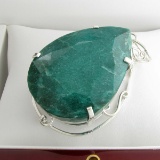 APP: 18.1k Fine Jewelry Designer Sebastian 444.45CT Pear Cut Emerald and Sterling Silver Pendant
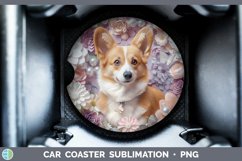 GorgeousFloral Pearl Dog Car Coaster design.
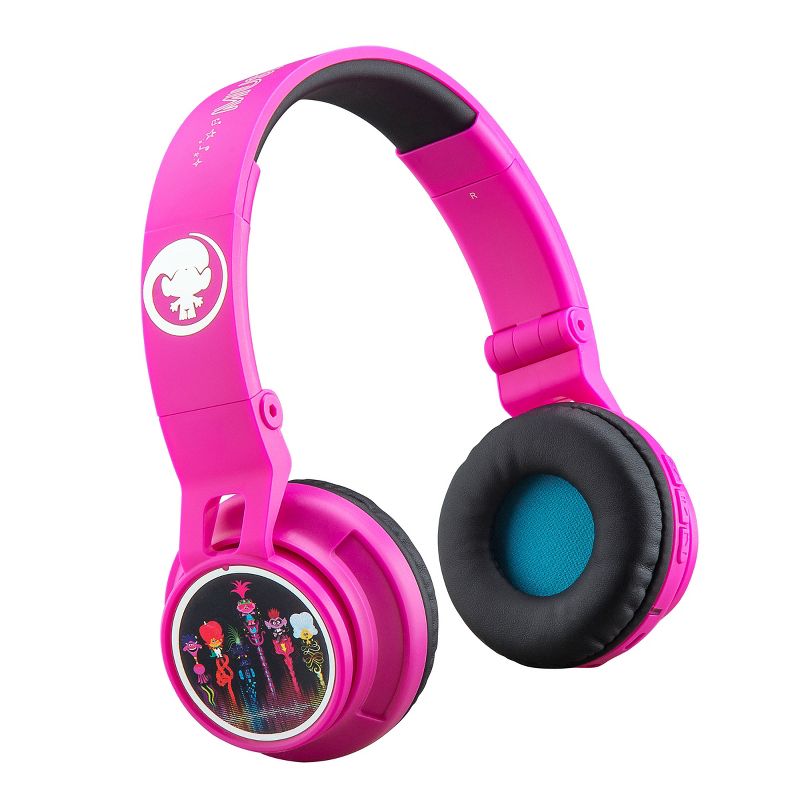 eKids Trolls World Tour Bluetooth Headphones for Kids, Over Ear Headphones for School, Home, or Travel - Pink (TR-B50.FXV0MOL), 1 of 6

☆ ☆ ☆ ☆

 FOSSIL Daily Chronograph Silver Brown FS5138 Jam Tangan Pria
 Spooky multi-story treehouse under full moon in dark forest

☆ ☆ ☆ ☆

What is being asked: Start at the line containing "GorgeousFloral Pearl Dog Car Coaster design." above and stop at the line containing "eKids Trolls World". Output those lines exactly, both included, but none of the pictures.

Response area:
 GorgeousFloral Pearl Dog Car Coaster design.
 eKids Trolls World Tour Bluetooth Headphones for Kids, Over Ear Headphones for School, Home, or Travel - Pink (TR-B50.FXV0MOL), 1 of 6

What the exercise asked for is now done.